Alex Nugent, CEO Knowm Inc:
We agree, and you have interpreted the talk in a way that is physical nonsense, so I can see why you are concerned. Of course energy is dissipated in a brain, and of course there are capacitive losses. There are just way more losses in a digital computer trying to calculate than in the real thing. It is extremely wasteful to calculate (via the separation of memory and processing) adaptation versus building intrinsically adaptive circuits. Energy in a physical neuron is not dissipated shuttling information back and forth between memory and processing as state variables are calculated, but this does not mean it does not dissipate energy (capacitive or otherwise).
"The talk blames the high power of a von Neumann architecture overwhelmingly on the value of d. It's claimed that simulating a human on a von Neumann machine would require 160 TW at 1 volt, but an actual human requires only 100W. Why the disparity? The slide is very clear about this: "In brains, all life, and everywhere in Nature, d is 0""

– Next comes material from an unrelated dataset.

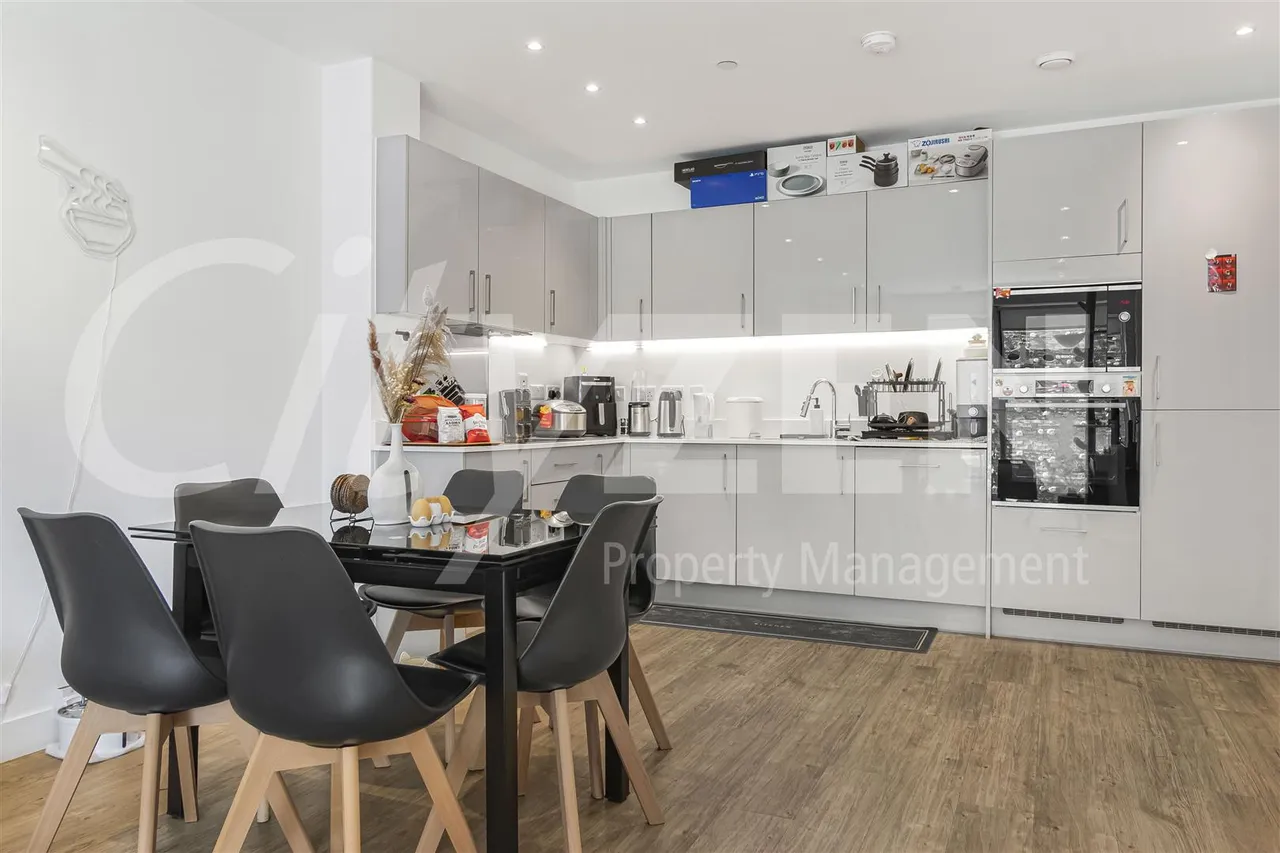 St Johns Road, Harrow, HA1, photo 14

Yes. d is the memory-processing distance. There is no distinction between the two in a real physical system and hence the energy associated with this act of separation goes to zero. That does not mean this is the only contribution to the total energy dissipation, and it of course does not mean you can magically make a circuit that consumes zero energy. It means that calculation of very large numbers of interacting adaptive variables via the separation of memory and processing is overwhelming less efficient than building a very large interacting adaptive system directly. The example was meant to show just how significant this contribution can be, and why having an intrinsically adaptive element (the memristor) is exciting and useful.
Misquote about quantum computing and AHaH?
Gordon-Panthana:
This could be a misquote, but an article in EE Times (http://www.eetimes.com/document.asp?doc_id=1327068) quotes Alex Nugent, CEO of Known, as saying: “Knowm’s AHaH computing approach combines the best of machine learning and quantum computing via memristors.” Quantum? Their approach appears to be purely classical. What part of quantum computing is incorporated in AHaH?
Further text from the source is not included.